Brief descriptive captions
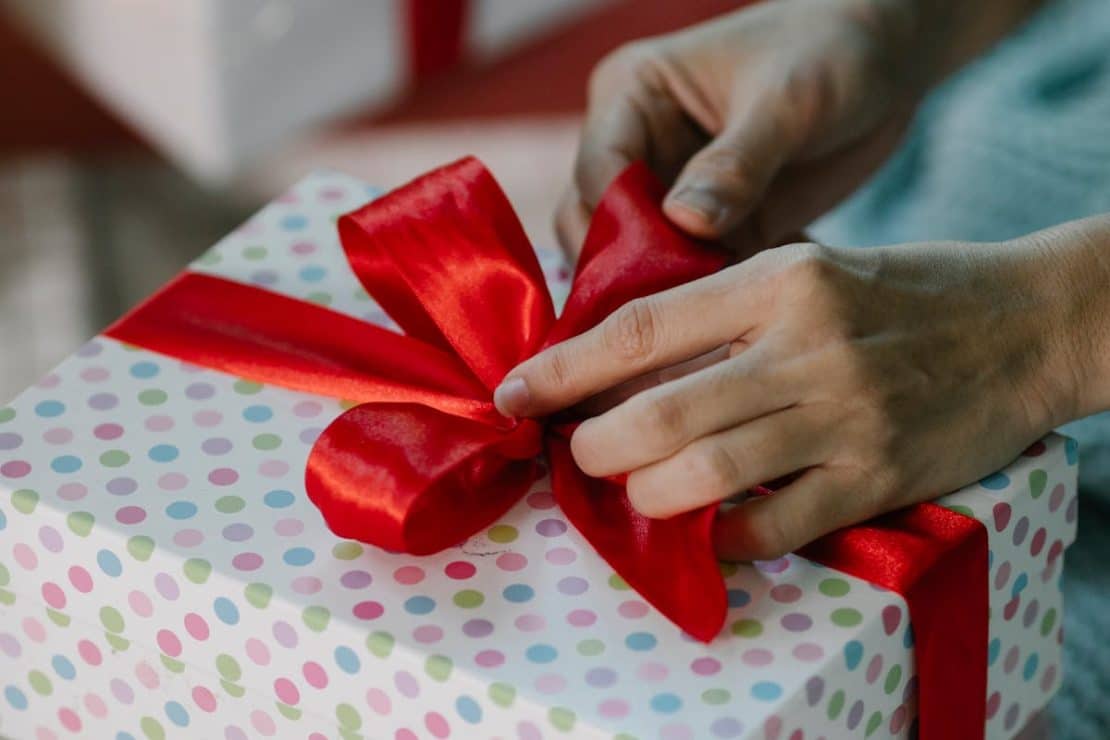 cuándo es el día del niño, regalos del día del niño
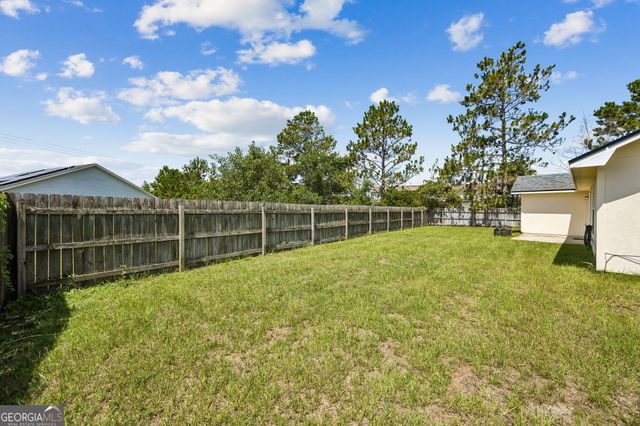 103 Cattail Court, Kingsland, GA 31548
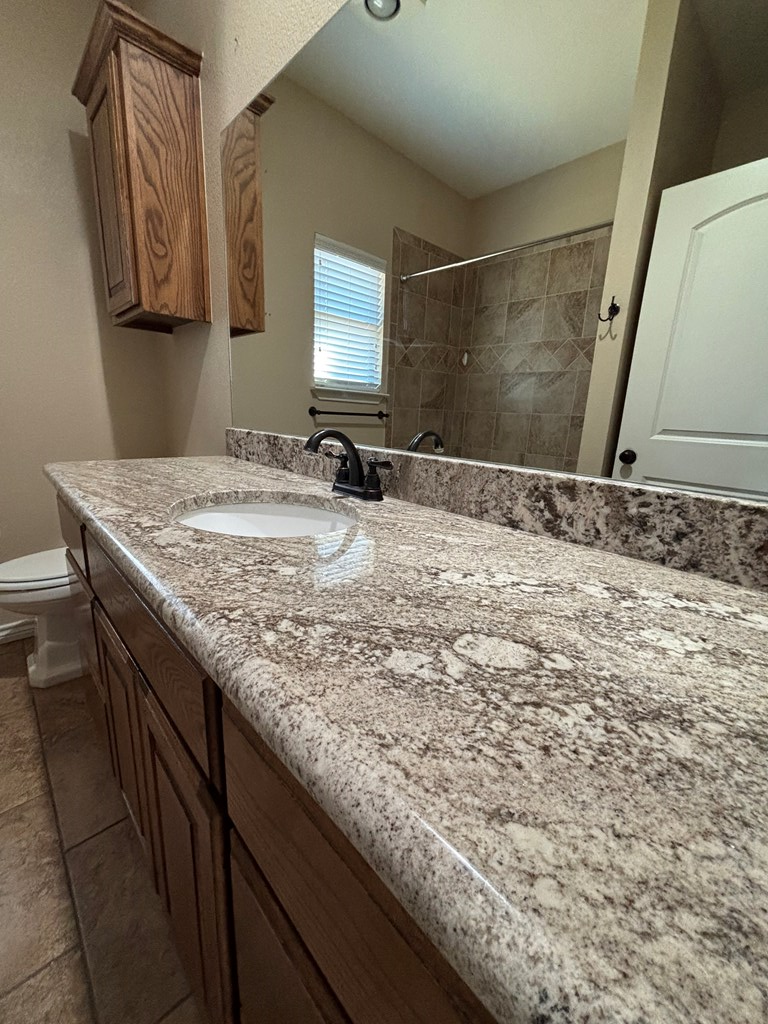 4304 San Pedro Court, Midland, Texas image 22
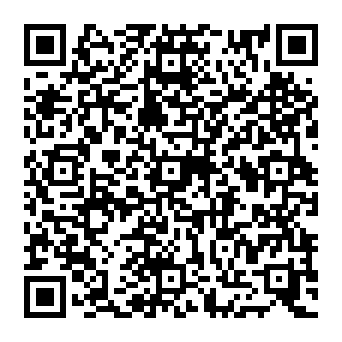 QR 925b9e0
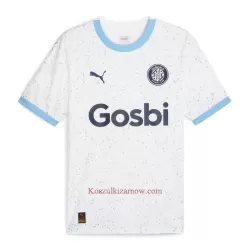 Koszulka Girona 23/24 Wyjazdowa Koszulka Girona 23/24 Wyjazdowa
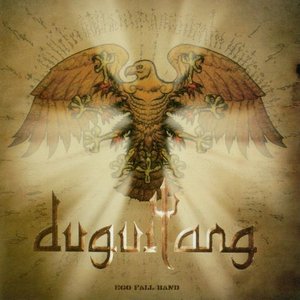 Image for 'DUGUILANG'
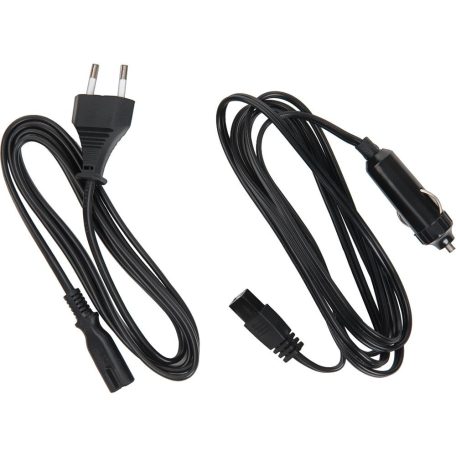 Sencor SCM 3224BL-EUE3 Autós hűtőtáska 12/230v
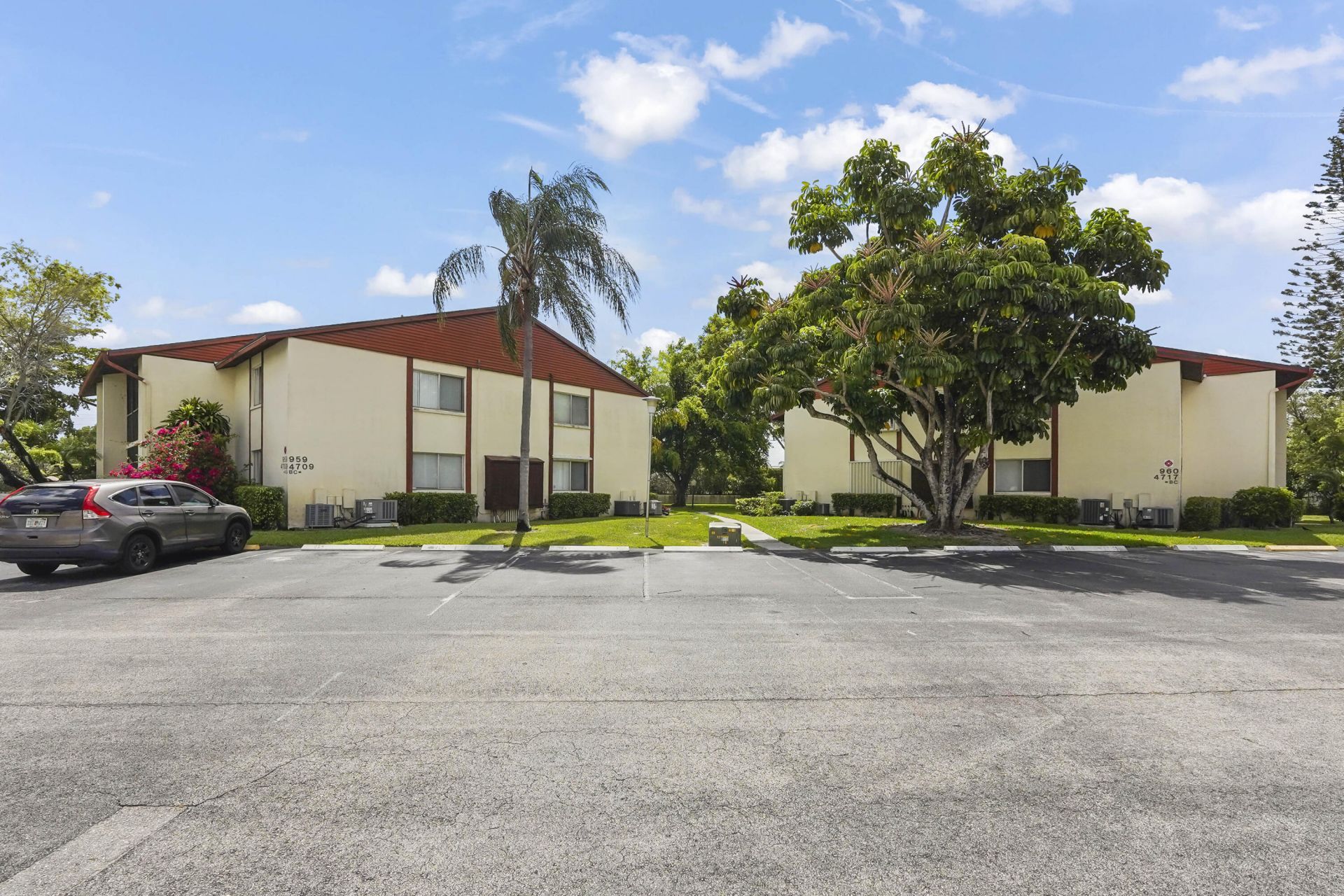4709 Sable Pine Circle, Unit B1, West Palm Beach, FL 33417 Photo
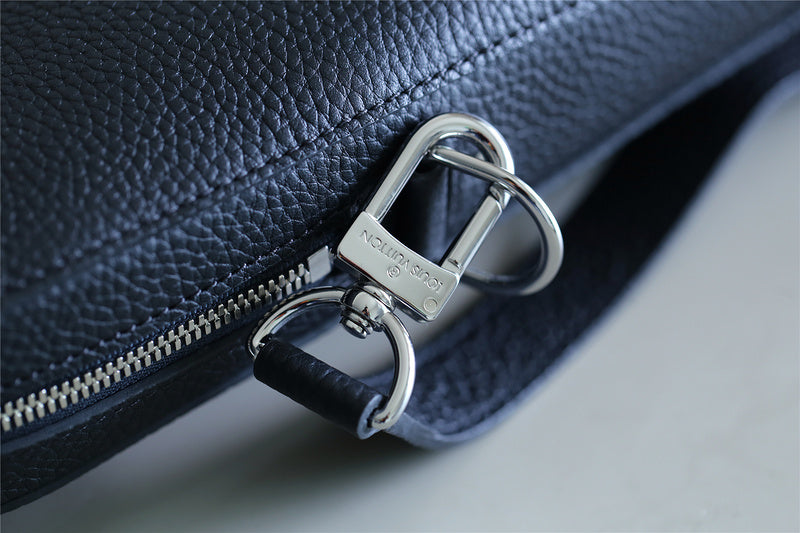 Glami GlamI Lu-Vi bags - 9886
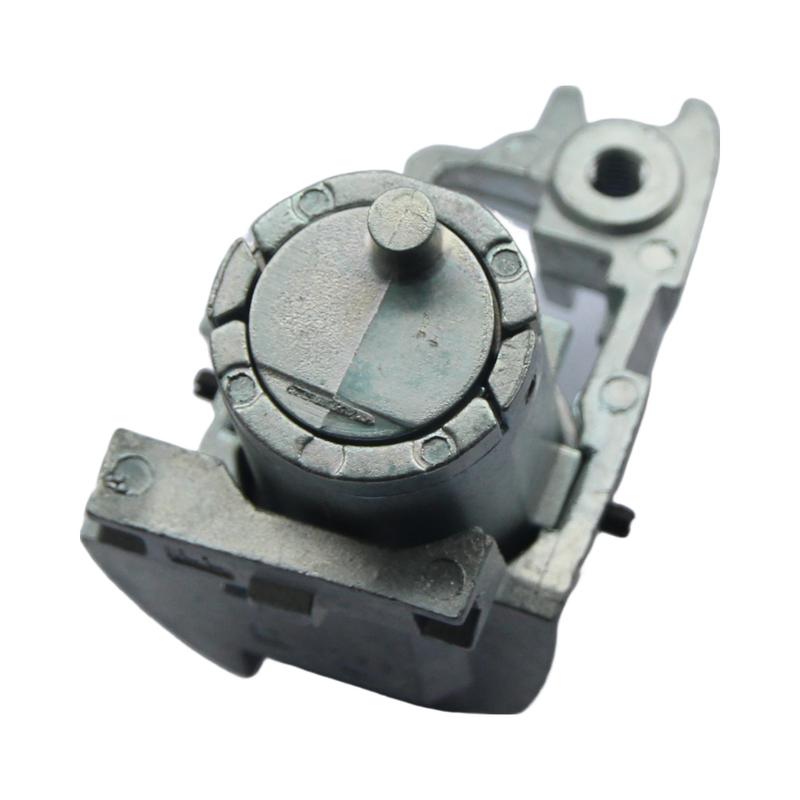 1647600177 A1647600177 Door Lock Cylinder Front Driver Left for Mercedes X164 W251 W164 GL R M-Class AL338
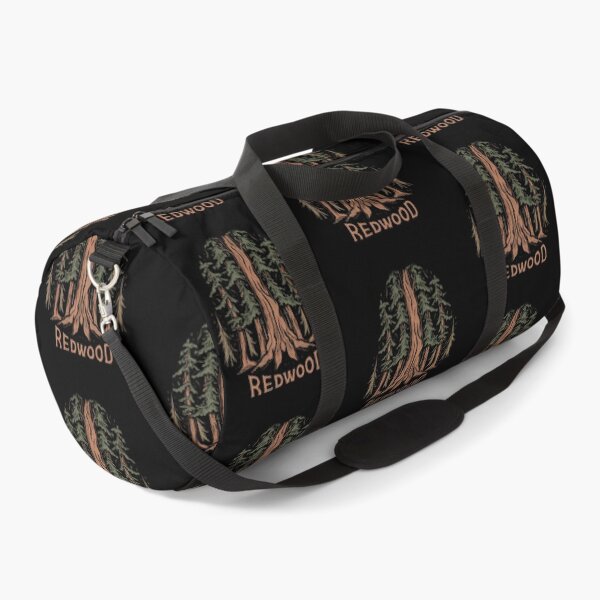 Item preview, Sequoia designed and sold by FlexYourMind.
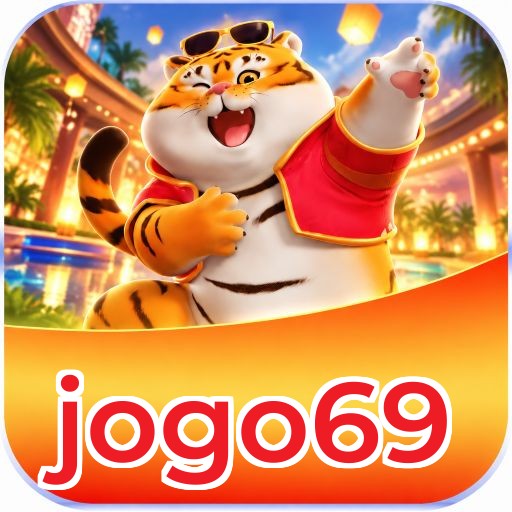 jogo69 Cassino Online Certificado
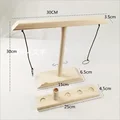 30CM 2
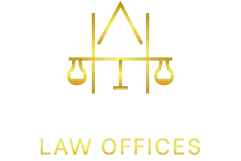 The Law Office of Hassan B. Ahmed, LLC logo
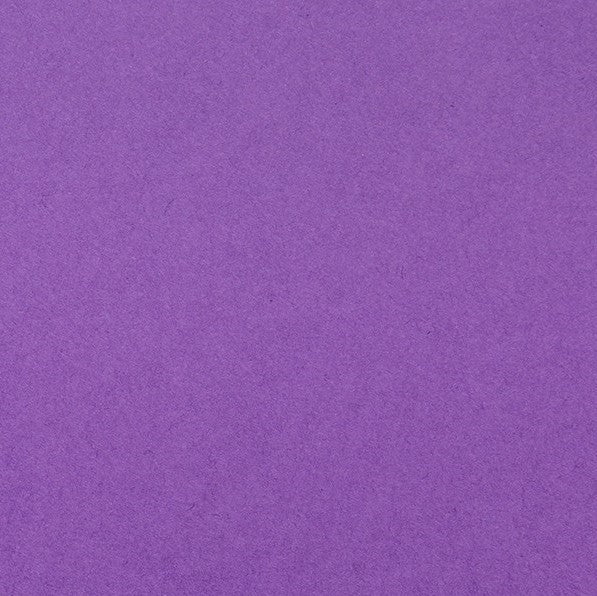 Clairefontaine - Maya Cardstock 120lb Paper - 8¼x11¾"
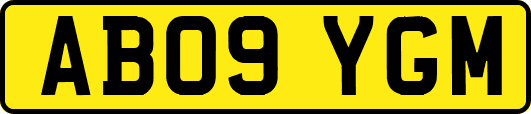 AB09YGM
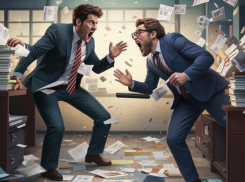 Как правильно просить прибавку к зарплате, чтобы шеф не разозлился? 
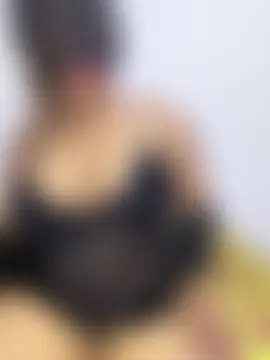 Naughti_Kitty Show Webcam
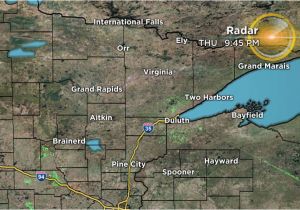 Minnesota Average Wind Speed Map Metro Wind Speeds Wcco Cbs Minnesota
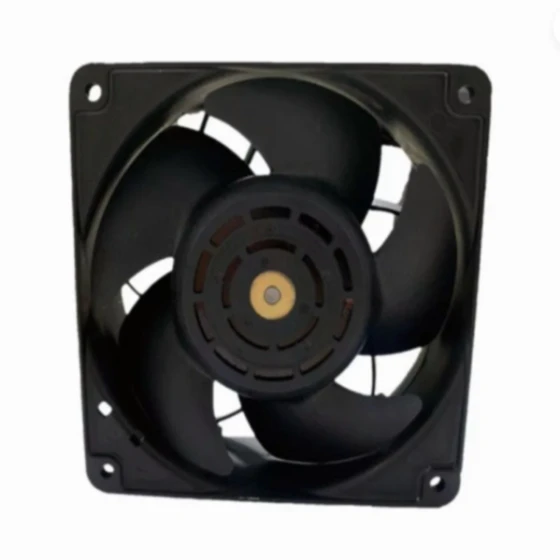 Ventilador IKURA 7956MGW-TP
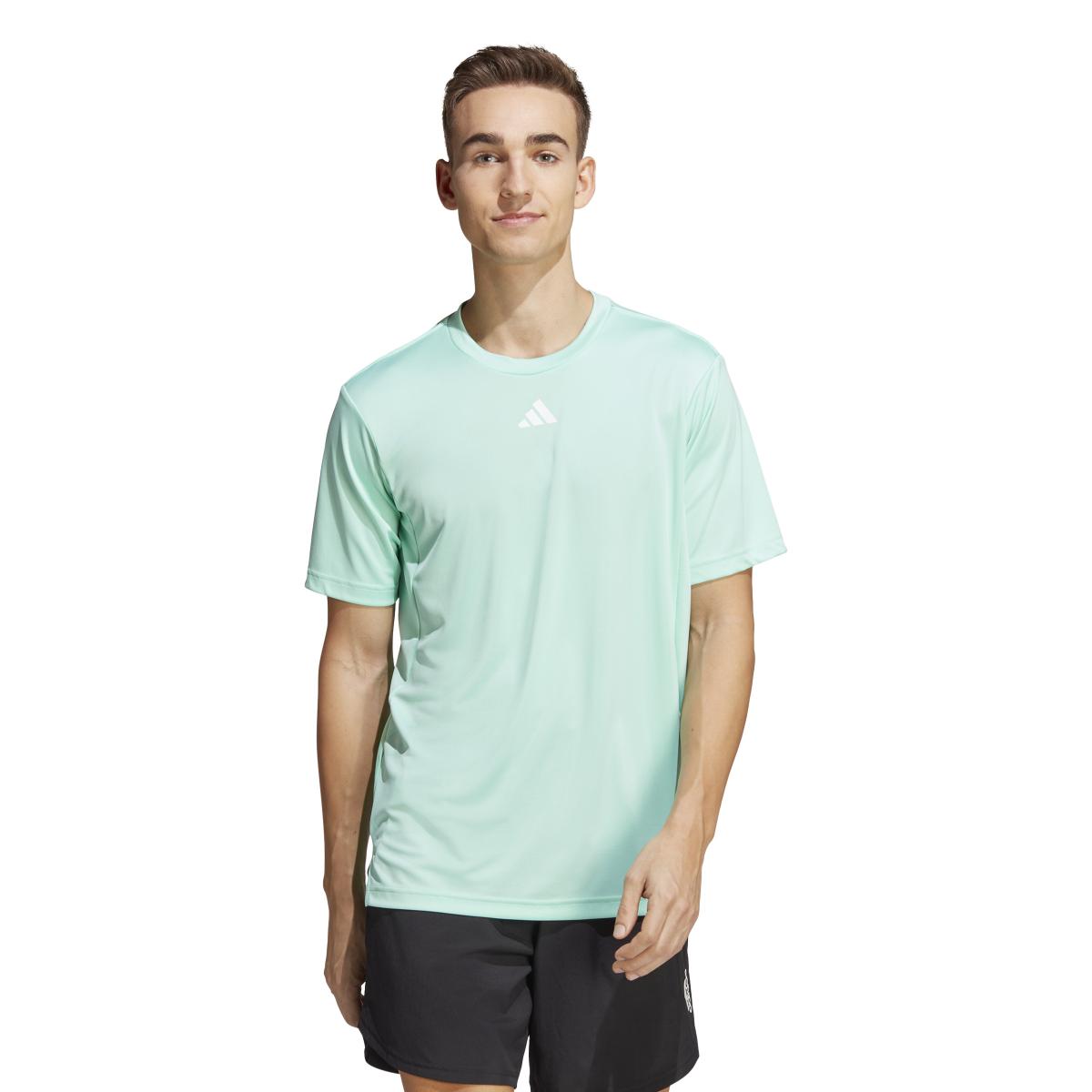 product/2/0/2025_09_adidas_ib7918_3_apparel_on_model_standard_view_white.jpg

[What is being asked]: Reproduce only the lines from the line with "Naughti_Kitty Show Webcam" to the end of the entries. Keep both ends, copy them exactly, and omit every picture.

[Written reply]:
 Naughti_Kitty Show Webcam
 Minnesota Average Wind Speed Map Metro Wind Speeds Wcco Cbs Minnesota
 Ventilador IKURA 7956MGW-TP
 product/2/0/2025_09_adidas_ib7918_3_apparel_on_model_standard_view_white.jpg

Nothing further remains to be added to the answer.